| Your assignment |
Each line of the data below must be reproduced without any change.

### Input material

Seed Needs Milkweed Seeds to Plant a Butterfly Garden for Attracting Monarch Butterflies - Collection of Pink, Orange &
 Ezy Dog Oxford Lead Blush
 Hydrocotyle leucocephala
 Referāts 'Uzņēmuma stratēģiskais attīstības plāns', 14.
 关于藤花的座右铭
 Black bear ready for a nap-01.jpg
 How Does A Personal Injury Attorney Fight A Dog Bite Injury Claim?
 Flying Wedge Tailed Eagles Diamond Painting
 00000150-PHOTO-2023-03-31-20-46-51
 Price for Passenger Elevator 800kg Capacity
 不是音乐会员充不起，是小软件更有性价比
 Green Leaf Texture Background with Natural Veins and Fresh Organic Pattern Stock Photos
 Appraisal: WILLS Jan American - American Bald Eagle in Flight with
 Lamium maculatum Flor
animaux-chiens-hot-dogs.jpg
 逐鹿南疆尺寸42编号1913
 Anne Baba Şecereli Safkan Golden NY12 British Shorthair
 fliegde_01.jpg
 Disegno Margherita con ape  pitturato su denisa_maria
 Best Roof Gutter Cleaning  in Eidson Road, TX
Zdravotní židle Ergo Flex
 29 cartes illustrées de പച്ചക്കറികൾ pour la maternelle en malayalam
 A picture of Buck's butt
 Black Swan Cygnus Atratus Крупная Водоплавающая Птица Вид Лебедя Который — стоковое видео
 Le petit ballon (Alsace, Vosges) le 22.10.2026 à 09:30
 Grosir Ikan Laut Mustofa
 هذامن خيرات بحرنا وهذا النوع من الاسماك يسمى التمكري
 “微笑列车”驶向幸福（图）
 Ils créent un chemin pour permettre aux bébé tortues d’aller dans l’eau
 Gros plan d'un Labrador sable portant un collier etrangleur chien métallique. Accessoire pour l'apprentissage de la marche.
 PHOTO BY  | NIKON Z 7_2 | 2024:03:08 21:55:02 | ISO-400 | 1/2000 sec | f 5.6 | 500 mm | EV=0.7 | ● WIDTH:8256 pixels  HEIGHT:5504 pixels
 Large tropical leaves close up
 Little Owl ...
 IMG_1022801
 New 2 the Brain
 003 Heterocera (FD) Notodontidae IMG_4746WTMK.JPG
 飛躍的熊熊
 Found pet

######

| Task output |
Seed Needs Milkweed Seeds to Plant a Butterfly Garden for Attracting Monarch Butterflies - Collection of Pink, Orange &
 Ezy Dog Oxford Lead Blush
 Hydrocotyle leucocephala
 Referāts 'Uzņēmuma stratēģiskais attīstības plāns', 14.
 关于藤花的座右铭
 Black bear ready for a nap-01.jpg
 How Does A Personal Injury Attorney Fight A Dog Bite Injury Claim?
 Flying Wedge Tailed Eagles Diamond Painting
 00000150-PHOTO-2023-03-31-20-46-51
 Price for Passenger Elevator 800kg Capacity
 不是音乐会员充不起，是小软件更有性价比
 Green Leaf Texture Background with Natural Veins and Fresh Organic Pattern Stock Photos
 Appraisal: WILLS Jan American - American Bald Eagle in Flight with
 Lamium maculatum Flor
animaux-chiens-hot-dogs.jpg
 逐鹿南疆尺寸42编号1913
 Anne Baba Şecereli Safkan Golden NY12 British Shorthair
 fliegde_01.jpg
 Disegno Margherita con ape  pitturato su denisa_maria
 Best Roof Gutter Cleaning  in Eidson Road, TX
Zdravotní židle Ergo Flex
 29 cartes illustrées de പച്ചക്കറികൾ pour la maternelle en malayalam
 A picture of Buck's butt
 Black Swan Cygnus Atratus Крупная Водоплавающая Птица Вид Лебедя Который — стоковое видео
 Le petit ballon (Alsace, Vosges) le 22.10.2026 à 09:30
 Grosir Ikan Laut Mustofa
 هذامن خيرات بحرنا وهذا النوع من الاسماك يسمى التمكري
 “微笑列车”驶向幸福（图）
 Ils créent un chemin pour permettre aux bébé tortues d’aller dans l’eau
 Gros plan d'un Labrador sable portant un collier etrangleur chien métallique. Accessoire pour l'apprentissage de la marche.
 PHOTO BY  | NIKON Z 7_2 | 2024:03:08 21:55:02 | ISO-400 | 1/2000 sec | f 5.6 | 500 mm | EV=0.7 | ● WIDTH:8256 pixels  HEIGHT:5504 pixels
 Large tropical leaves close up
 Little Owl ...
 IMG_1022801
 New 2 the Brain
 003 Heterocera (FD) Notodontidae IMG_4746WTMK.JPG
 飛躍的熊熊
 Found pet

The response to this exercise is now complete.